**WORK INSTRUCTIONS:**
Write out again the entries from the first line to the line that includes "По желанию украсить.", keeping both of those lines.

**RECORDS SUPPLIED:**
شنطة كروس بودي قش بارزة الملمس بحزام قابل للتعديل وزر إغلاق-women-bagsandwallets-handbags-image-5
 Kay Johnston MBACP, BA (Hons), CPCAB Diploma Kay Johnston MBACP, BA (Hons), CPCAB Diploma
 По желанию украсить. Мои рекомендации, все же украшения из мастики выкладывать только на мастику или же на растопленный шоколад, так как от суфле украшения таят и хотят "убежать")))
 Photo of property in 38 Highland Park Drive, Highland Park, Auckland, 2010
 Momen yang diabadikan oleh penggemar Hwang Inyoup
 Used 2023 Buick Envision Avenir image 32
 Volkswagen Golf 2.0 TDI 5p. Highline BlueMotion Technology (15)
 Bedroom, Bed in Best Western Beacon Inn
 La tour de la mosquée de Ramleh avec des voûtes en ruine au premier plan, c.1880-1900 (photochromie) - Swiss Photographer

**FINISHED TASK:**
شنطة كروس بودي قش بارزة الملمس بحزام قابل للتعديل وزر إغلاق-women-bagsandwallets-handbags-image-5
 Kay Johnston MBACP, BA (Hons), CPCAB Diploma Kay Johnston MBACP, BA (Hons), CPCAB Diploma
 По желанию украсить. Мои рекомендации, все же украшения из мастики выкладывать только на мастику или же на растопленный шоколад, так как от суфле украшения таят и хотят "убежать")))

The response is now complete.